**Exercise goal**
The copy should hold exactly the lines below from the one that contains "VCCP launches first" through the one that contains "Лист для выпечки" and nothing else, so no pictures.

**Source data**
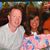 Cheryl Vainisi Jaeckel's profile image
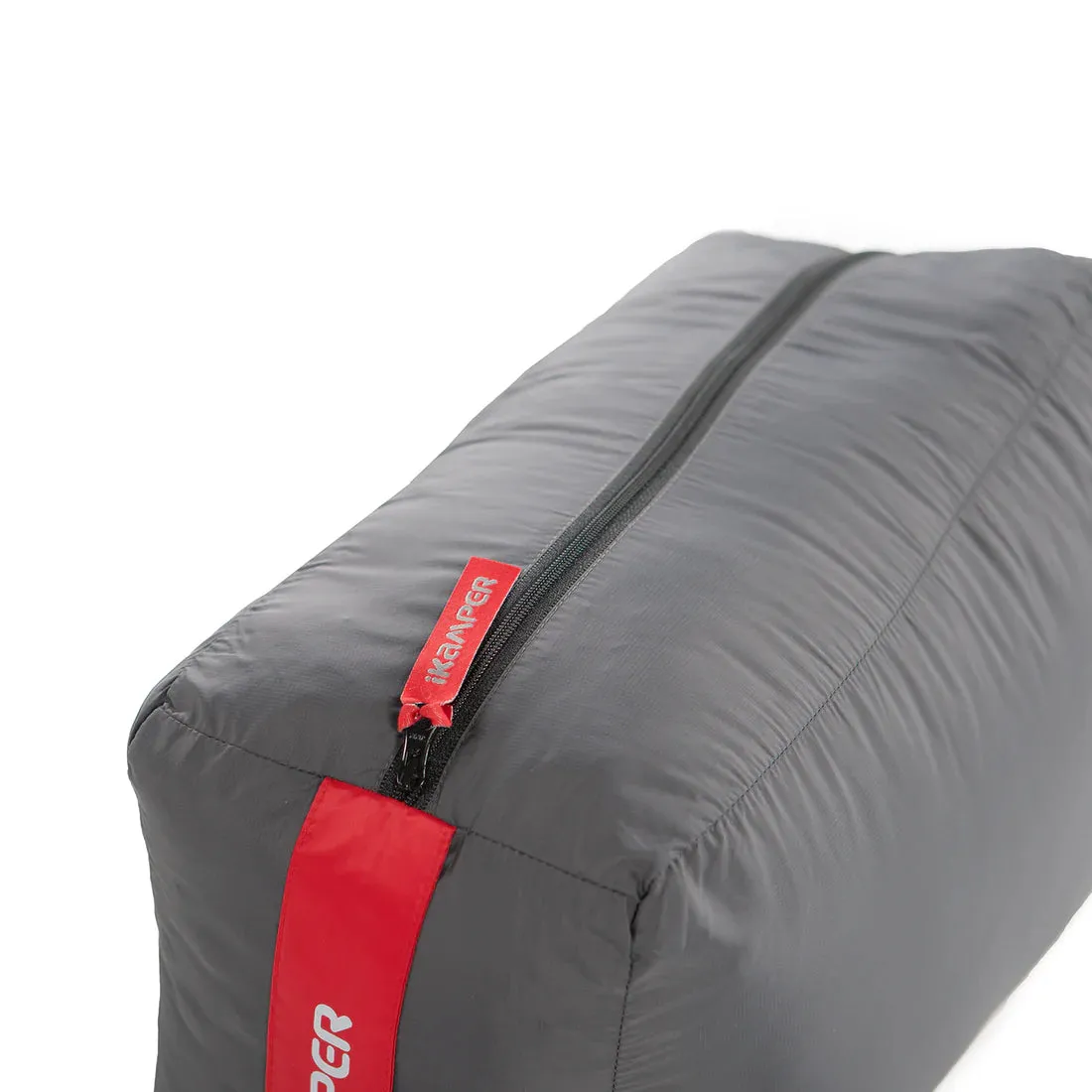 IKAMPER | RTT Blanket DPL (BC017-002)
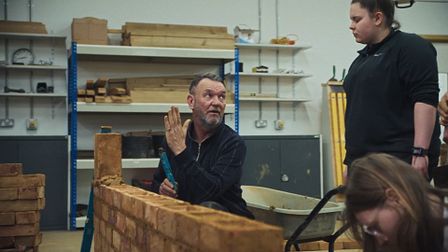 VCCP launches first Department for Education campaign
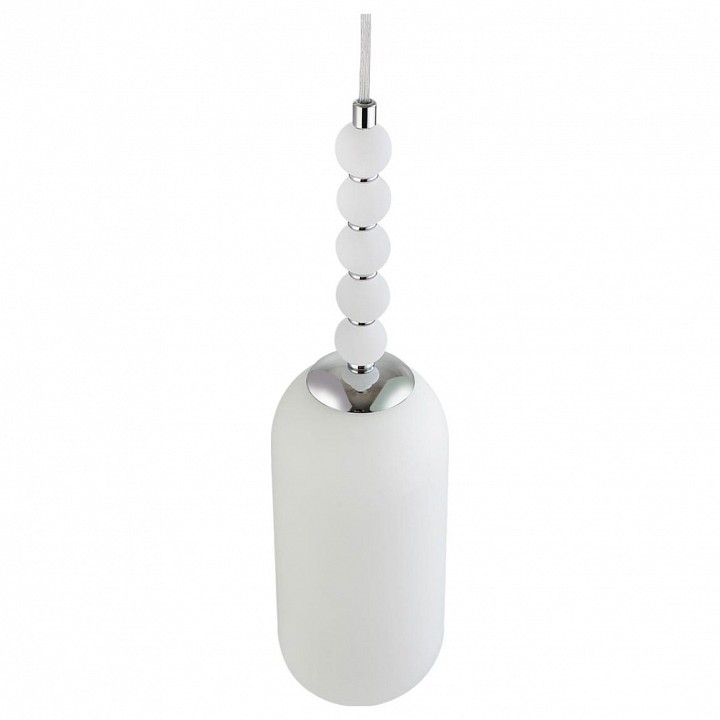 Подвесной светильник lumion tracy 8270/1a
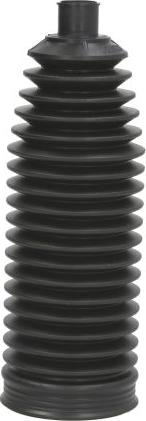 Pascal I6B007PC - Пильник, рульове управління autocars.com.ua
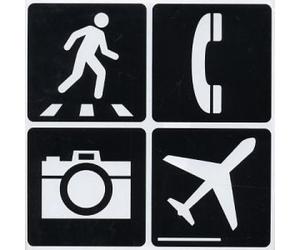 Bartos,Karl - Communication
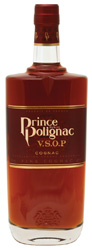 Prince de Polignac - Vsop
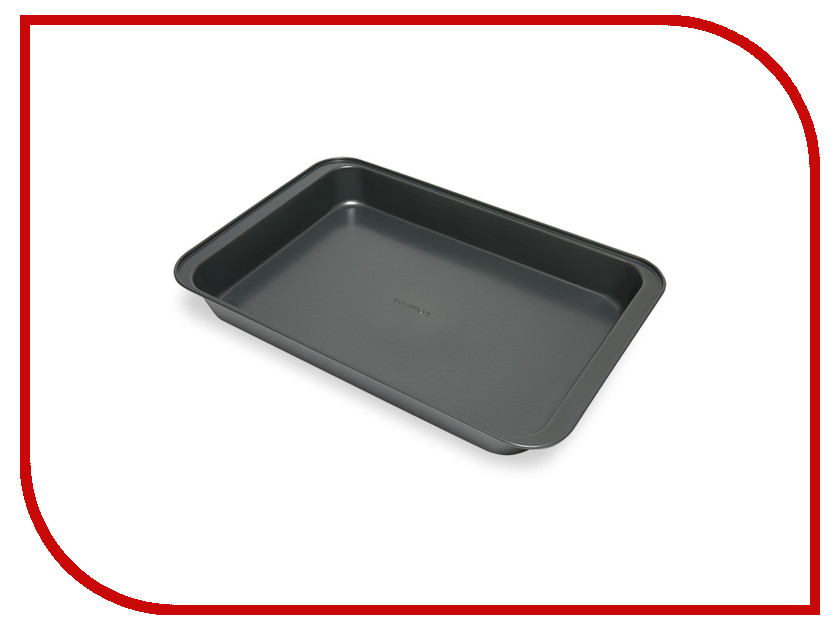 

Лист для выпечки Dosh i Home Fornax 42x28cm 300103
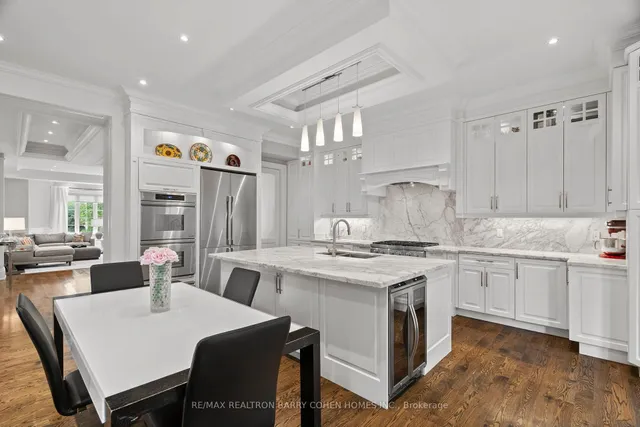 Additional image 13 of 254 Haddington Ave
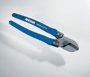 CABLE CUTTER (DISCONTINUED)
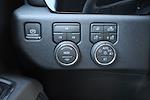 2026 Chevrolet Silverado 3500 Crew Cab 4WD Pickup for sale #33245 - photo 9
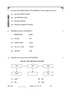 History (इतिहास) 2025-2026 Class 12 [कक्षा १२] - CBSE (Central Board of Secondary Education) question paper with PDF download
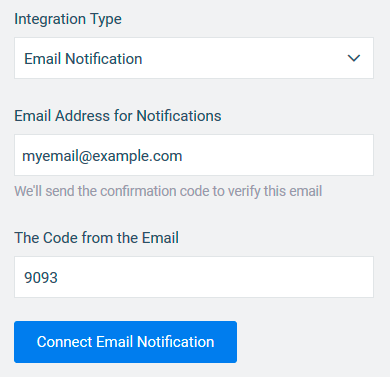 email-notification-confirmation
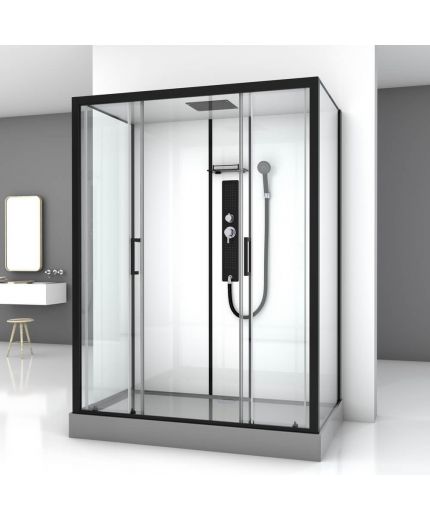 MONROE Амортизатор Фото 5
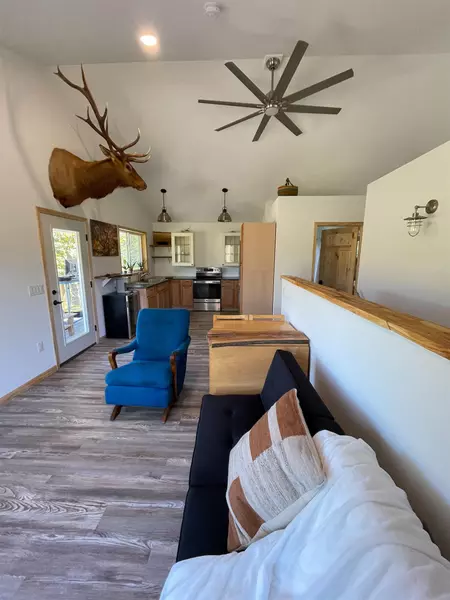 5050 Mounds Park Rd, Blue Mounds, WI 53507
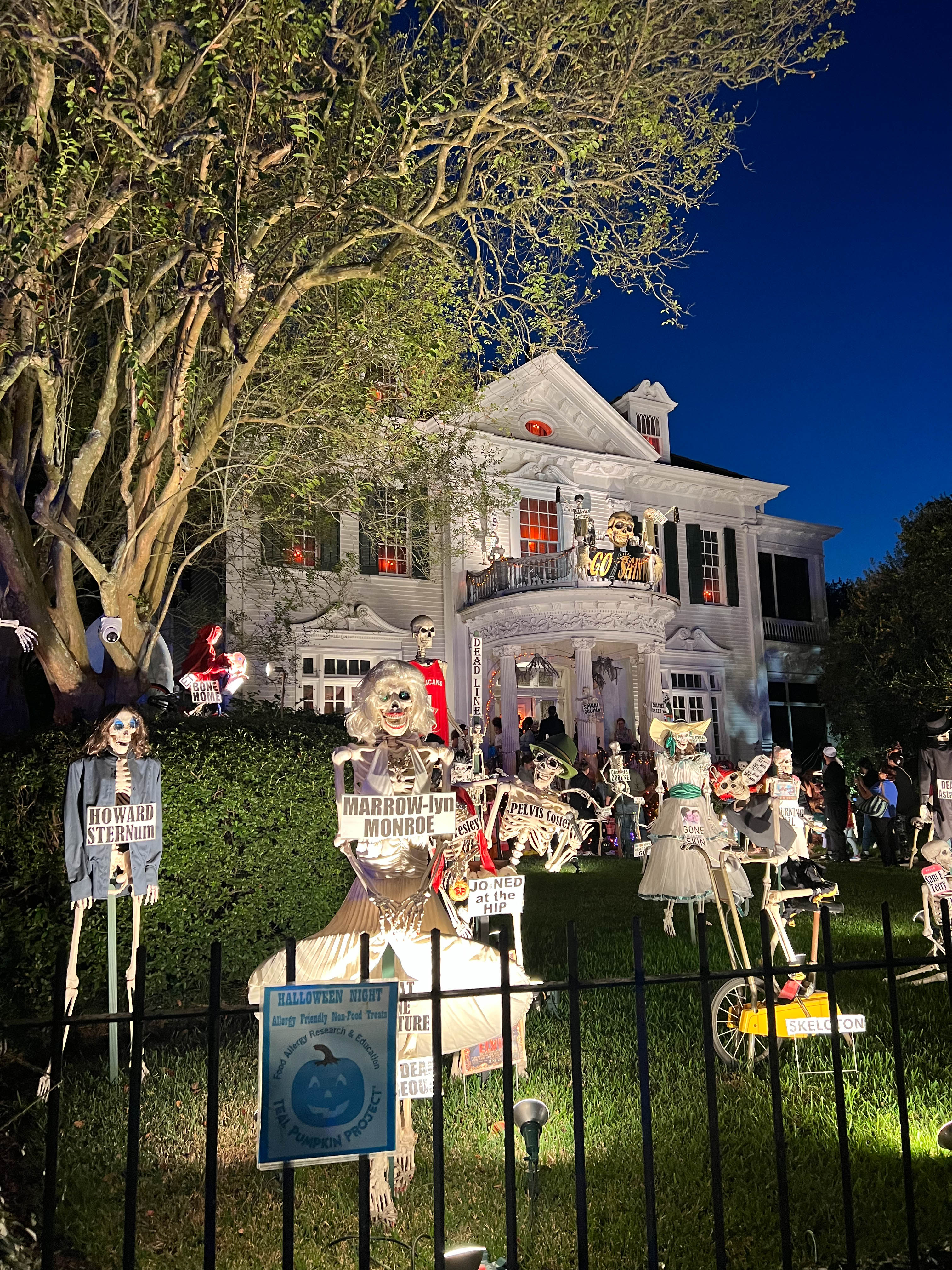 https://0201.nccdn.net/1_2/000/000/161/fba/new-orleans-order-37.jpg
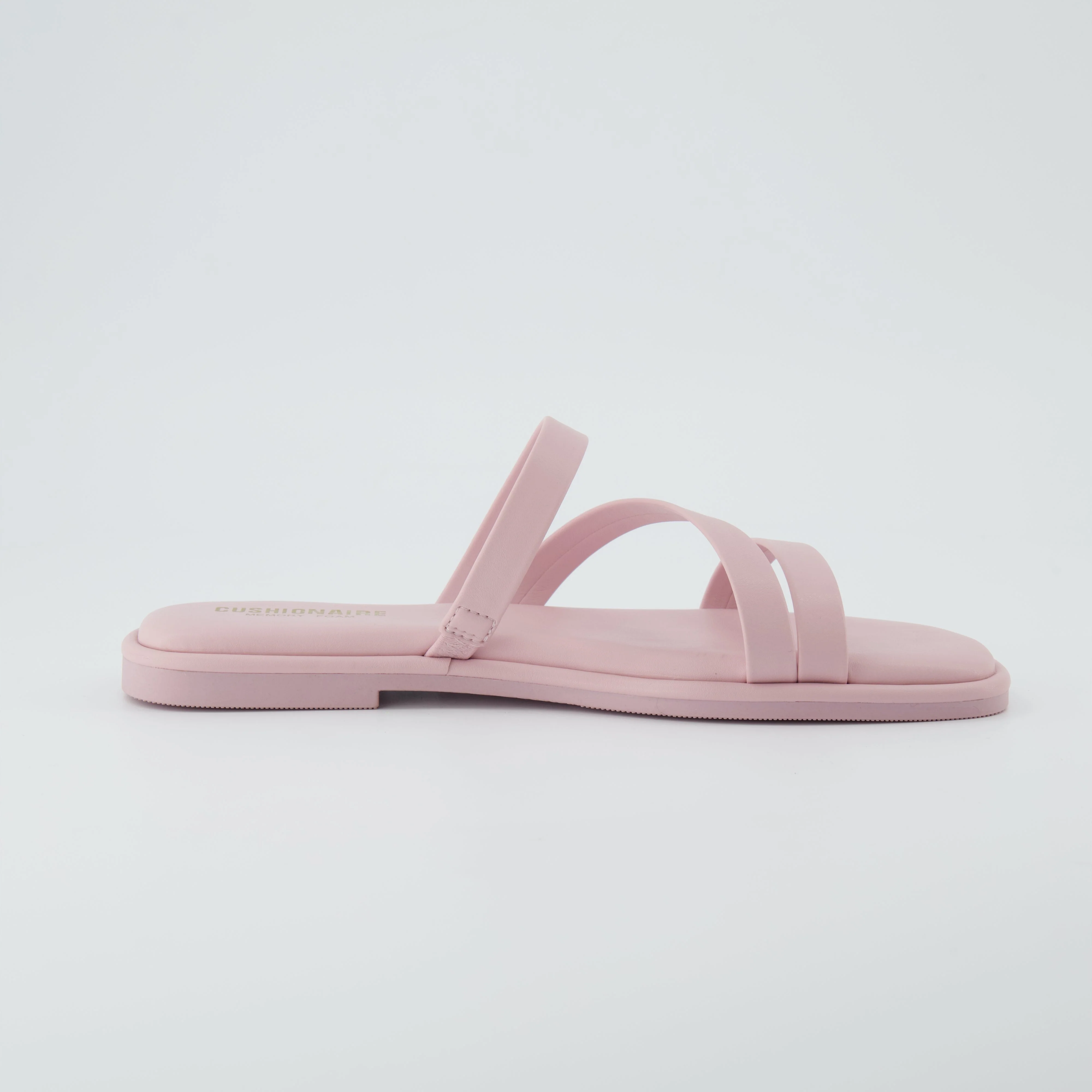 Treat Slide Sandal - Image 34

**Exercise response**
 VCCP launches first Department for Education campaign
 Подвесной светильник lumion tracy 8270/1a
 Pascal I6B007PC - Пильник, рульове управління autocars.com.ua
 Bartos,Karl - Communication
 Prince de Polignac - Vsop

Лист для выпечки Dosh i Home Fornax 42x28cm 300103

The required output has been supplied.